Separation of eight aromatic acids using the same buffer with and without PIL as additive: (A) without PIL and (B) with PIL. Conditions: BGE, 100 mM NaH₂PO₄ (pH = 6.0) containing 0.006% (w/v) PIL, other conditions are the same as in Fig. 1. Peaks: 1, o-phthalic acid; 2, salicylic acid; 3, 4-aminobenzenesulfonic acid; 4, toluene-p-sulfonic acid; 5, 3-nitrobenzoic acid; 6, 4-chlorobenzoic acid; 7, p-hydroxybenzoic acid; 8, p-aminobenzoic acid.

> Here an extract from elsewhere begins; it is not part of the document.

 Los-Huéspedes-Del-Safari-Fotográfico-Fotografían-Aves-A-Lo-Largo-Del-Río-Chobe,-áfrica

Researchers of the Key Laboratory for Natural Medicine of Gansu Province, Lanzhou Institute of Chemical Physics, CAS, has developed a simple and reliable co-electroosmotic capillary electrophoresis system for the fast determination of aromatic acids by employing poly (1-vinyl-3-butylimidazolium bromide) as the background electrolyte modifier.

 Firstly, PVBIm+ Br− has been synthesized according to the conventional radical polymerization. Then a co-directional movement of negatively charged analytes and the reversed EOF was accomplished by employing this PIL as a BGE modifier. The co-electroosmotc CE system was further applied in the separation of eight aromatic acids. The electrophoretic conditions including the concentration of PIL and pH of BGE were investigated. The results proved that the coelectroosmotic capillary electrophoresis, which was dynamically modified with polymeric ionic liquid, provided better separation than the normal mode. Successful separation and identification of eight aromatic acids have been achieved under optimized conditions (100mM NaH2PO4, PVBIm+ Br− 0.006% (w/v), pH= 6.0). High efficiency (355,000–943,000 (plates/m)) and short analysis time (less than 3.5 min) were obtained.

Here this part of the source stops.